Lo abordo con más preguntas. Reconoce que apoya la demanda de los estudiantes, pero no cuando “hacen leseras”. Le doy otra vuelta y termina diciendo que son los Carabineros a los que se les pasa la mano, que no tienen estrategia para parar a los cabros, que bastaría que trajeran caballos y listo. Sin gas ni lanzagua, dice. No como ahora: yo vivo con mi mamá, que está acá atrás.

Intento imaginar a la señora, recostada, tapando su boca y nariz con un pañuelo de abuela, mientras afuera el aire se torna verdoso cuando el zorrillo devuelve la bocanada. Una, dos, tres piedras sobre el acero, un dribleo del conductor, aplausos. El zorrillo dobla la calle, y la abuela se ha salvado. Ni un milímetro lacrimógeno ha logrado colarse. Afuera, encapuchados y no encapuchados aplauden más fuerte.

Más allá del Colegio Excelsior, poco más al sur, por la misma avenida, una construcción en proceso entrega en su frontis un cerro de barro que esconde piedras de diverso tipo. Algunos aprovechan los pertrechos. Cerca de diez trabajadores, con overoles naranjos, ríen y fuman. Son hombres rudos, viejos y jóvenes, y parecen sentir cierta simpatía por los estudiantes.

Cómo me va a parecer mal, po, dice uno. Yo también tengo hijos. Comenta que tiene tres hijos y, “gracias a dios”, uno de ellos estudia Administración en un Centro de Formación Técnica. Cara la gueá, advierte, aunque asume que el estudio es la única forma de surgir en esta vida. “No estoy ni ahí con que terminen robando o trabajando en la contru, como yo… con puros viejos culiaos”, y suelta una risotada que con efecto dominó suma a todos sus compañeros.
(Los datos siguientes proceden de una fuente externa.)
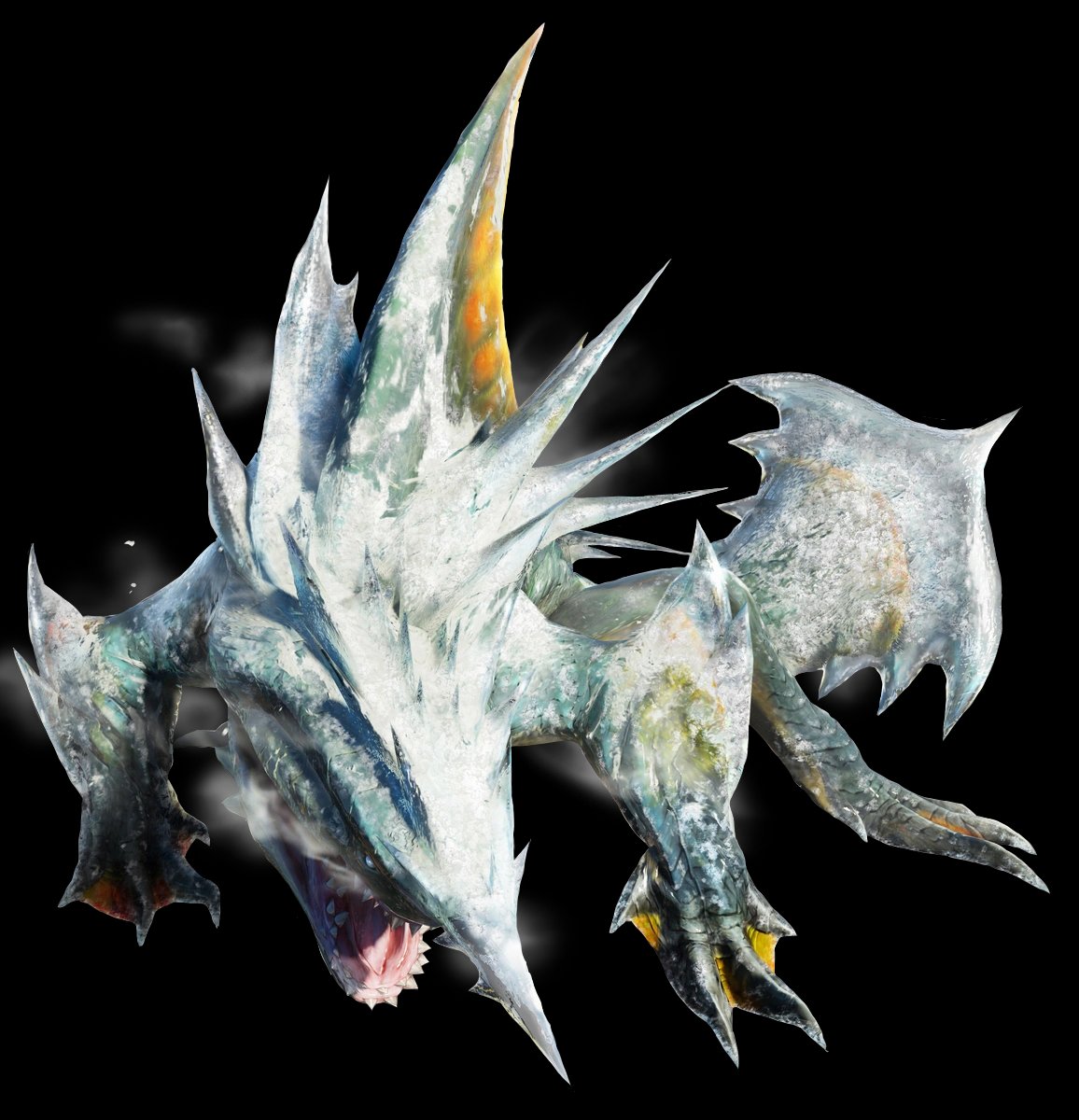 Just some monsters I wanna see in Monster Hunter Now... Actually, there's a lot more 😅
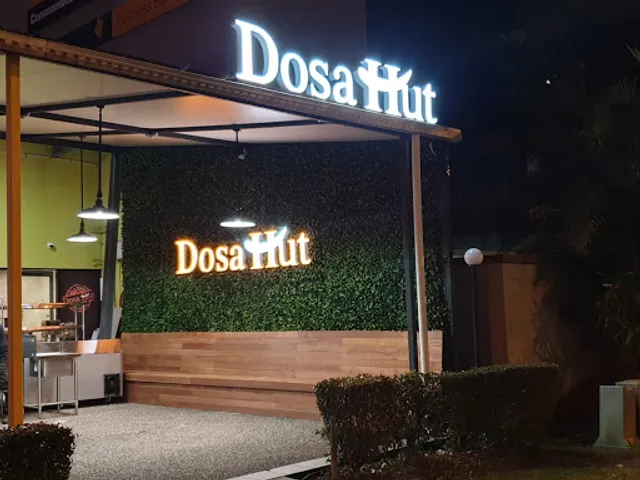 Dosa Hut Indian Multi Cuisine Restaurant Aspley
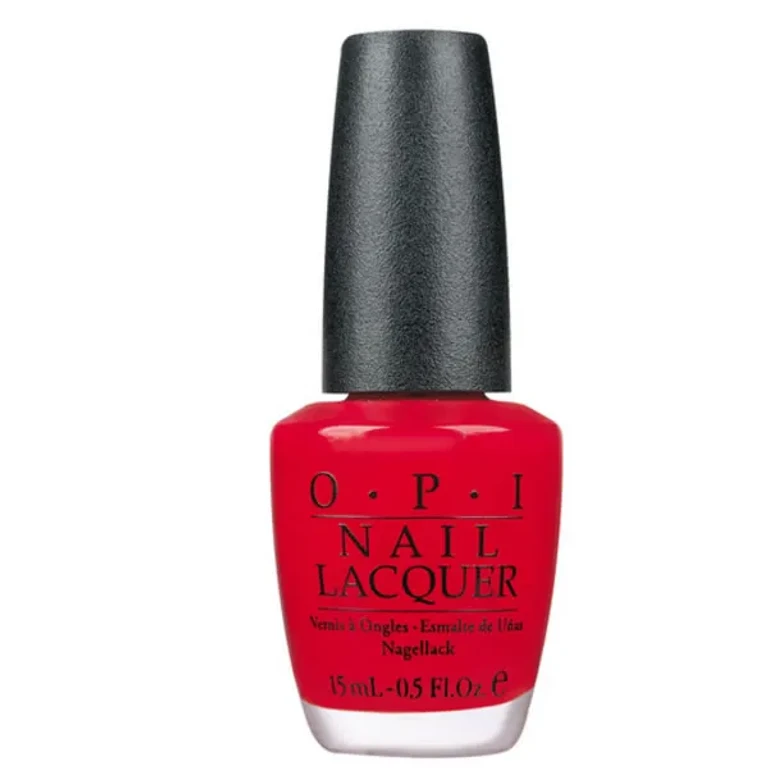 Nail polish Opi Nln25 Big Apple Red 15ml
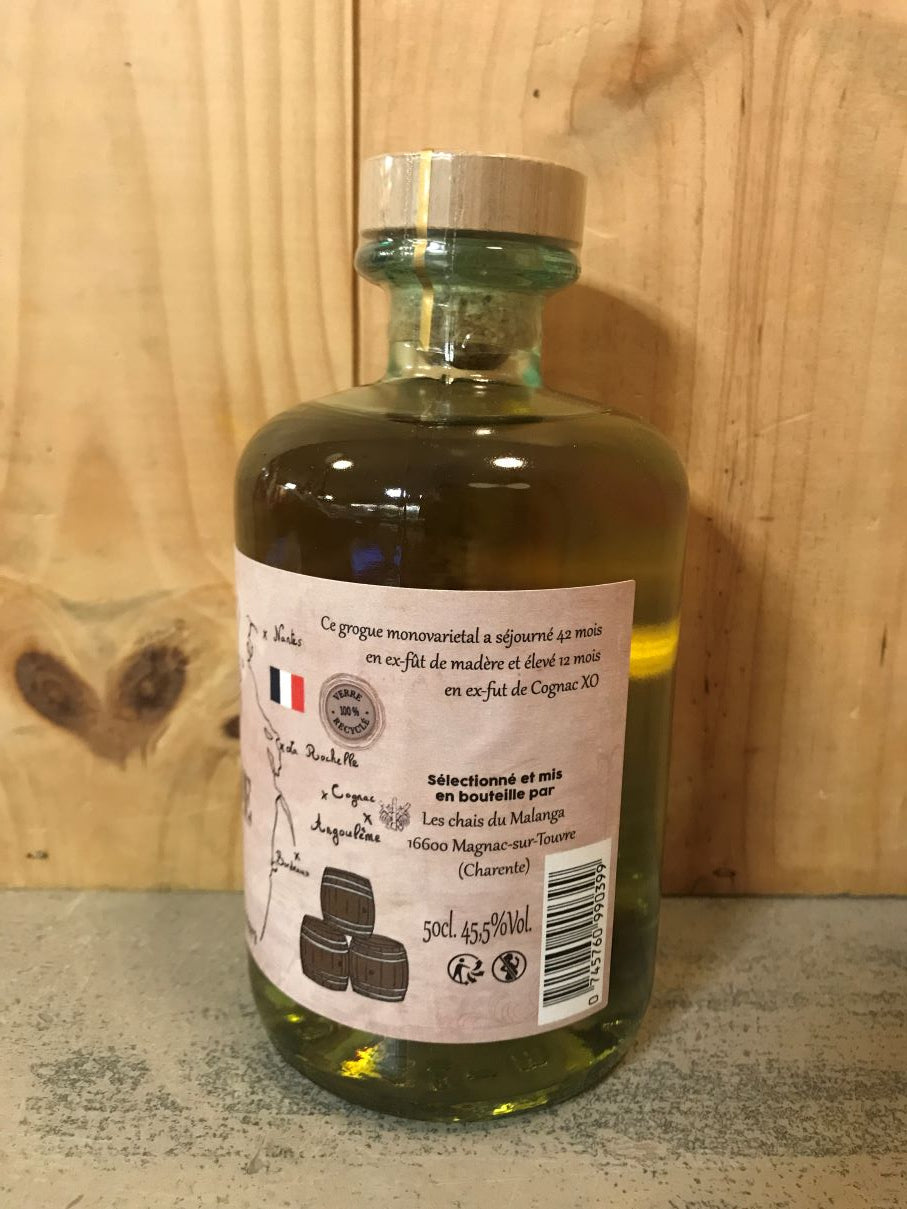 SODADE Evora 54 mois Vieux Double Maturation 45,5° 50cl Cap Vert Rhum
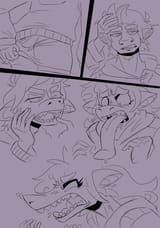 feel like hurl tongue unfurl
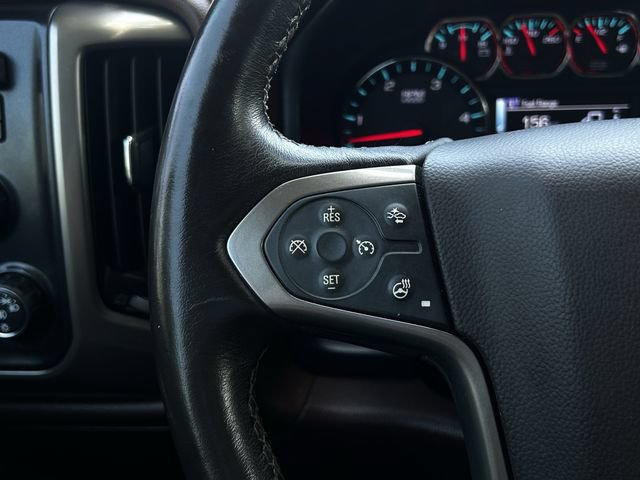 Used 2019 Chevrolet Silverado 2500 High Country w/ Duramax Plus Package AWD/4WD image 15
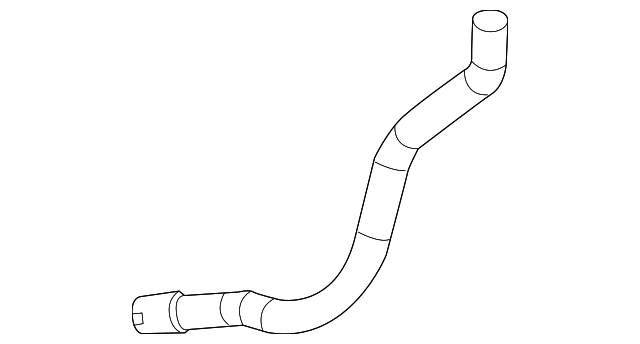20964866 FILLER HOSE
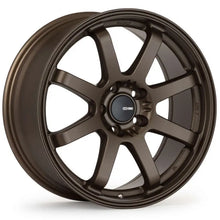 Load image into Gallery viewer, Enkei Vanquish 18x8 / 5x114.3 BP / 40mm Offset / 72.6mm Bore - Matte Bronze Wheel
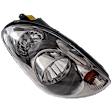 Passenger Side Headlight, with Bulb, HID/Xenon, with HID bulb and ballast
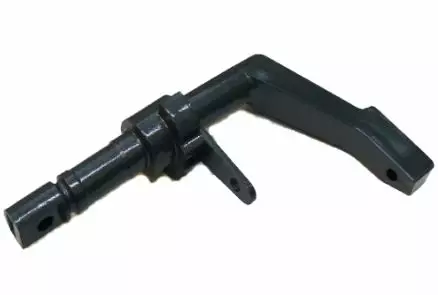 Vaihdevipu/Handle Gear Shift Yamaha 4AC/AS 5C/CS - Yamaha muut - 34621 - 1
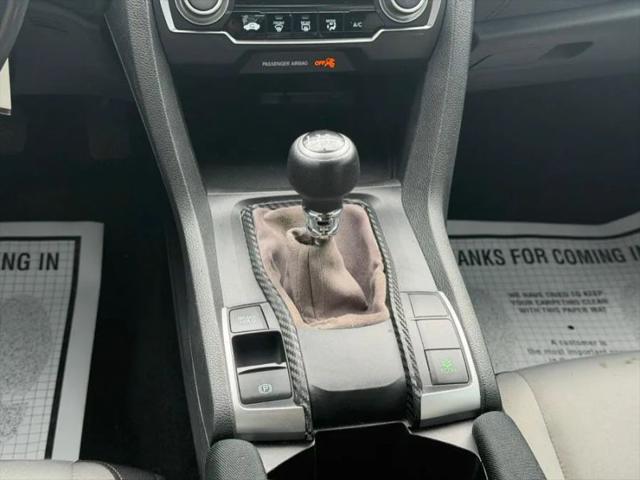 2017 Honda Civic LX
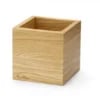 Madeira stativ, 170x170x170mm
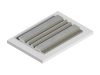 Декоративная панель HIWOOD  LV121 S339S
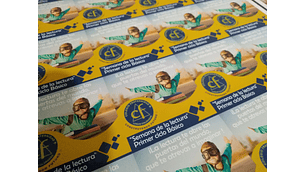 Imanes publicitarios flexibles full color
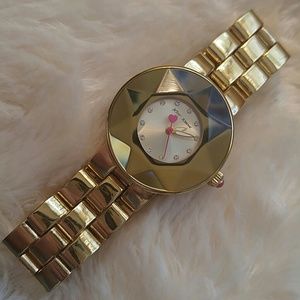 Betsy Johnson Watch - women's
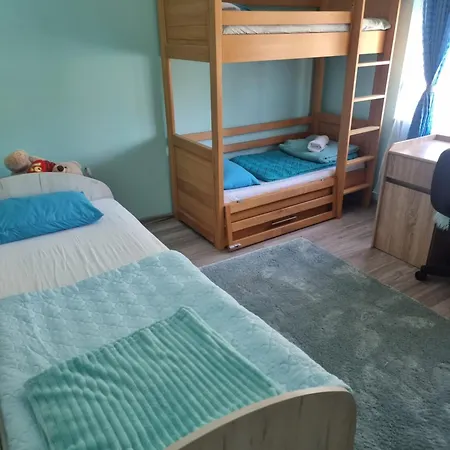 Apartamento Ramonda Smjestaj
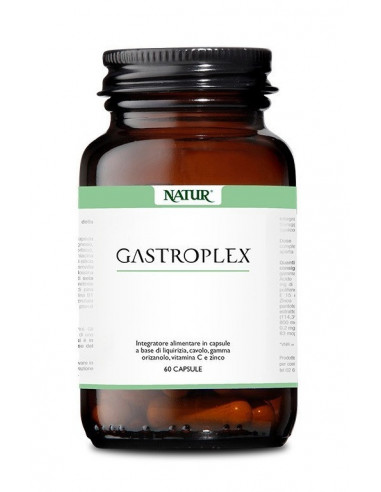 Gastroplex 60 capsule (sost 30 capsule )(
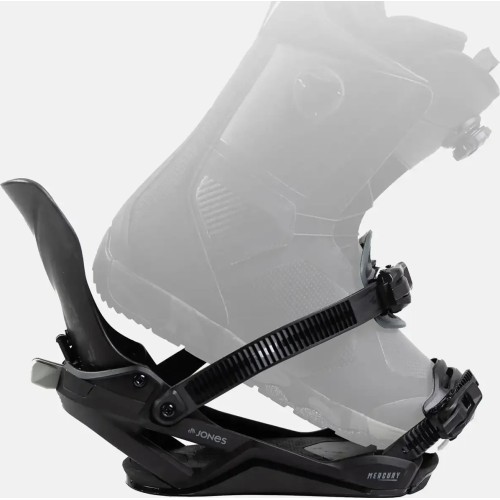 Jones Mercury FASE® snowboard bindings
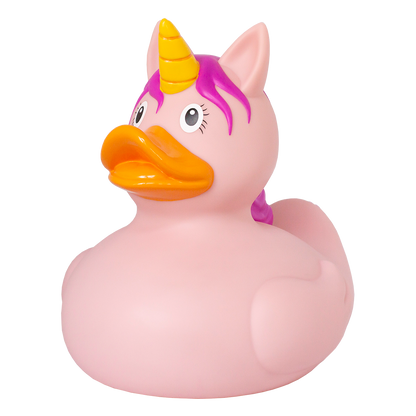 Canard Licorne Rose XXL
“Es que en este país el que es pobre tiene que seguir siendo pobre”, dice otro más viejo. “No ve que por eso es caro estudiar: pa’ que la mayoría siga siendo obrero y ellos sigan robando”, continúa. «Yo tambien protesté pa’ que cayera Pinocho, mi papá era del Partido», me aclara. “Pero yo le voy a decir una cosa: Sabe, a mi no me parece mal que tiren piedras, porque ha sido la misma sociedad, la pobreza, la droga la que tiene así a los cabros”.

Sus palabras resuenan con la sabiduría de la experiencia. Los trabajadores siguen alentando a los encapuchados entre risa y risa. Los jóvenes no entienden el motivo, pero tampoco lo preguntan. Más allá, un piquete resguarda una comisaría cerca de República y sus escudos los hacen inmunes a las piedrecitas que apenas rozan sus armaduras. A mi también me caen mal los pacos, chiquillos. Yo les voy a buscar más limones, dice una mujer morena y baja que pasa con una bolsa de feria vacía. Más acá, un señor de unos sesenta años se acerca a la reja verde que corta el acceso hacia la comisaría y antes de devolverse rápido y con un gesto casi de travesura, arroja una piedra hacia el piquete. Qué es la revuelta sino un juego muy serio. Poco más allá, más risas se escuchan entre el ruido de metales y la cortina de gases y lluvia.